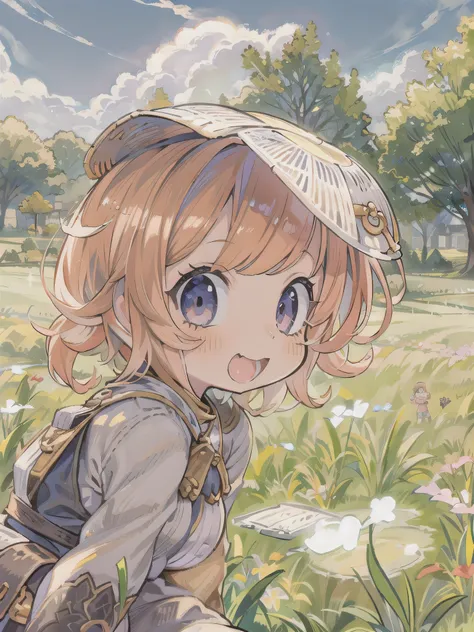 cute、8 year old girl、best smile、Chibi, beautiful anime scene, countryside landscape, Field Background, beautiful anime scenery, Beautiful peace scene in anime, agriculture、farmer、 Helping my mother in the fields、Gentle breeze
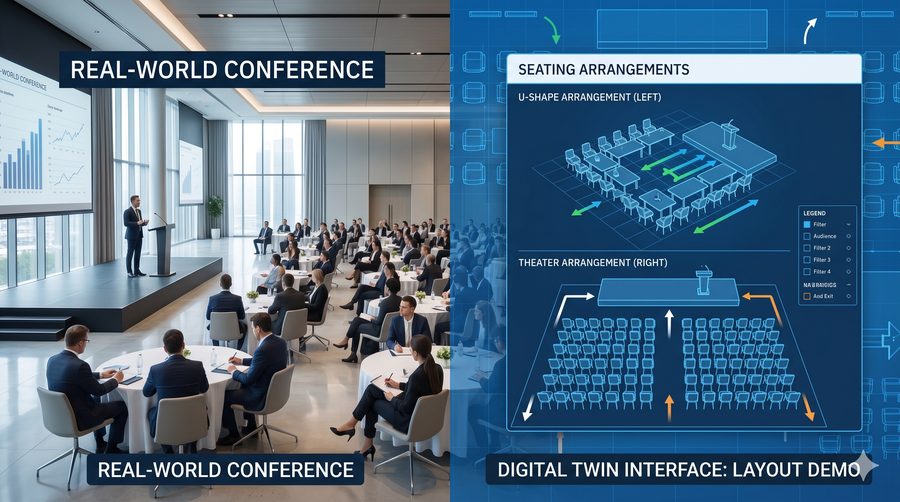 Illustration: an events space and its three-dimensional capture.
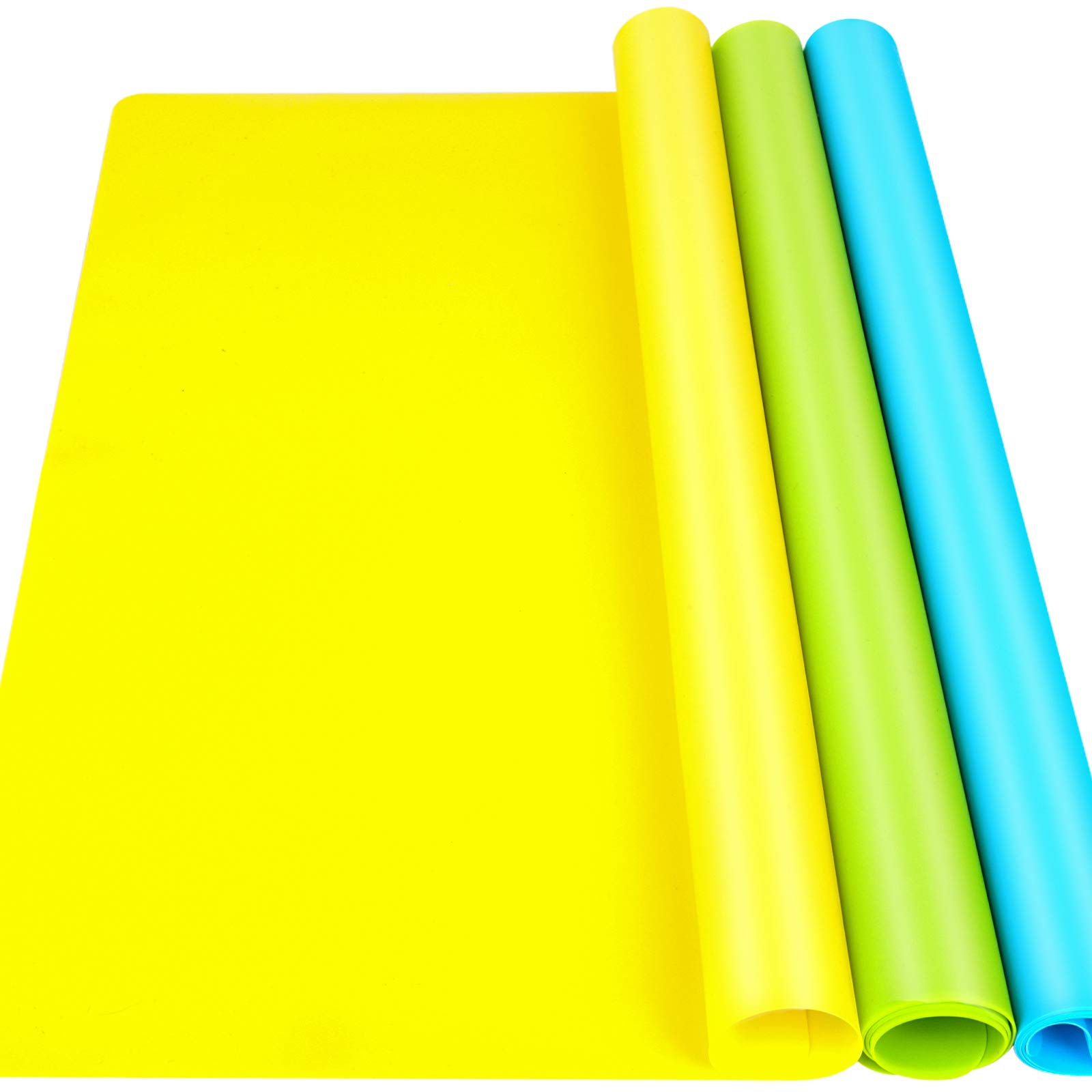 LEOBRO 3 Pack A3 Large Non-Stick Silicone Craft Mats (15.7”x11.7”) for Resin Molds, Play Dough, Clay & Epoxy Projects - Blue, Yellow, Green - Perfect for DIY Art, Jewelry Making & Baking Decorations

···

Copy out every line of the material above exactly, skipping the pictures.

== Result ==
 cute、8 year old girl、best smile、Chibi, beautiful anime scene, countryside landscape, Field Background, beautiful anime scenery, Beautiful peace scene in anime, agriculture、farmer、 Helping my mother in the fields、Gentle breeze
 Illustration: an events space and its three-dimensional capture.
 LEOBRO 3 Pack A3 Large Non-Stick Silicone Craft Mats (15.7”x11.7”) for Resin Molds, Play Dough, Clay & Epoxy Projects - Blue, Yellow, Green - Perfect for DIY Art, Jewelry Making & Baking Decorations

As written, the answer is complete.